4 Teradata determines a sample percentage (2% to 100%) for recollecting statistics and decides which formula to use for scaling based on the history and nature of the column.

5 To ensure quality, Teradata compares the recollected statistics to the history. The system lowers the sampling percentage only if a smaller sample provides quality results.

For example, Teradata never switches to sampled statistics for small tables, skewed columns, a column that is member of the partitioning expression, or columns that require details.

After few sample statistics collections, Teradata may collect full statistics to verify and adjust the sample percentage and the extrapolation method.

Sample statistics are not supported on views and queries.

A DBS Control utility Cost Profile field AutoSampleStats defaults all the COLLECT STATISTICS requests to the SYSTEM SAMPLE option.
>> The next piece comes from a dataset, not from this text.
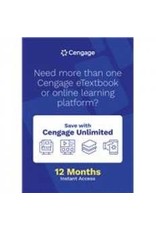 Cengage Unlimited Printed Access Card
You can override the Cost Profile default for individual COLLECT STATISTICS requests by explicitly specifying the required sample percentage.
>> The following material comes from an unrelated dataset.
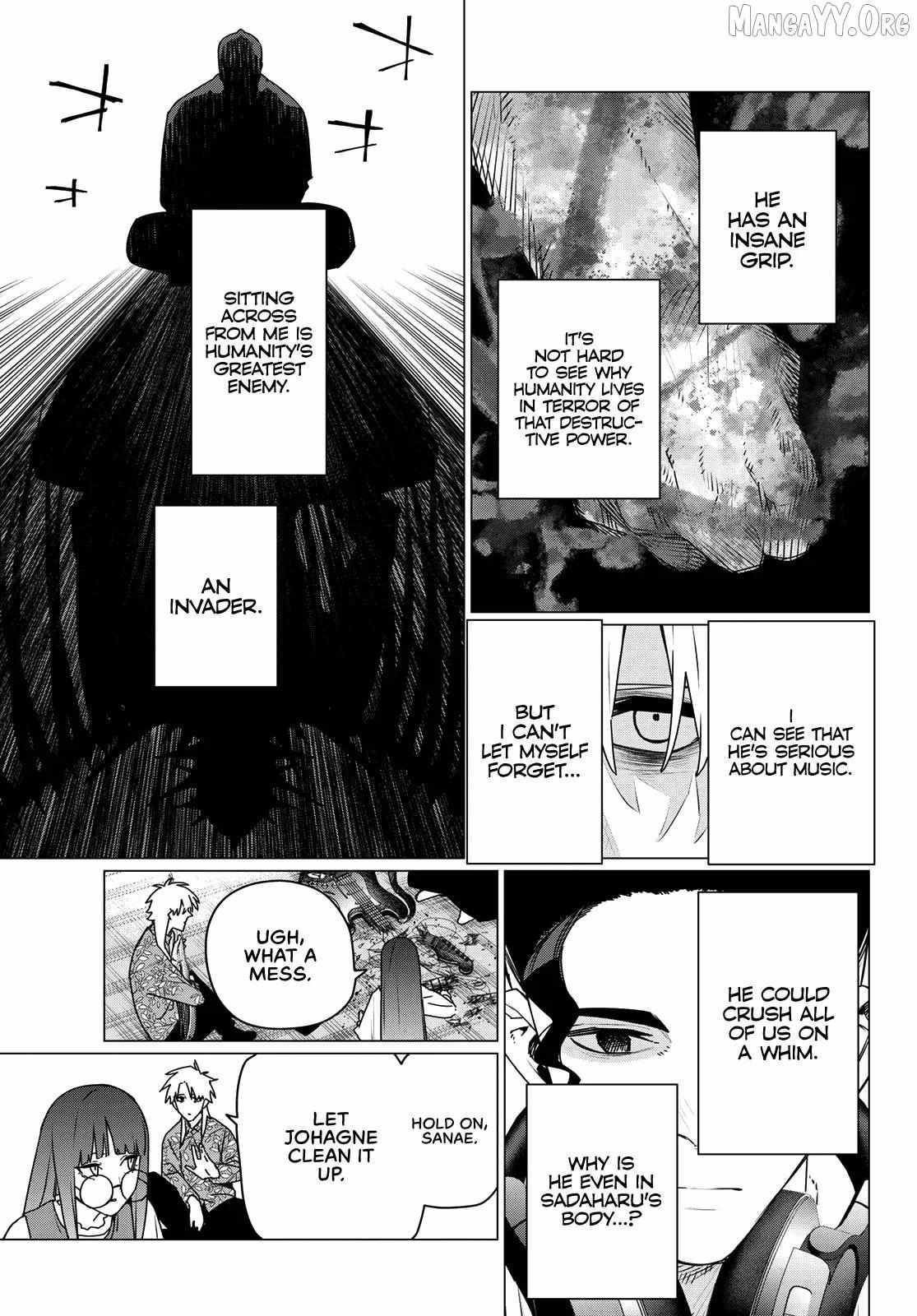 Ranger Reject Chapter 205 page 4 -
To determine the sampling percentage in use, you can query the Data Dictionary table column DBC.StatsTbl.SampleSizePct.

Example  

The following requests sample statistics on the o_orderkey with user-specified sample percentage. Statistics are collected by reading 10% of the table rows:

COLLECT STATISTICS
             USING SAMPLE 10 PERCENT
            COLUMN o_orderkey
                ON orders;

Example  

The following requests system-determined sample statistics on the o_orderdatetime column. The default sample percentage in DBS Control determines the number of rows sampled. Teradata collects full statistics and remembers the sample option. Teradata considers downgrading the sample percentage after the system captures enough history and the column is identified as eligible for sample statistics:

COLLECT STATISTICS
             USING SYSTEM SAMPLE
            COLUMN o_orderdatetime
                ON orders; 

For more information, also see “Sampled Statistics” in SQL Request and Transaction Processing.

For More Information

For guidelines and suggested tools for collecting statistics, see the following:

  • “COLLECT STATISTICS (Optimizer Form)” in SQL Data Definition Language
  • SQL Request and Transaction Processing:
  • “Query Capture Facility”
  • Submit the SHOW STATISTICS statement with either the SUMMARY option to see summary statistics or the VALUES option to see detailed statistics. For more information, see “SHOW STATISTICS (Optimizer Form)” in SQL Data Definition Language.
  • Teradata Viewpoint Stats Manager portlet described in Viewpoint documentation.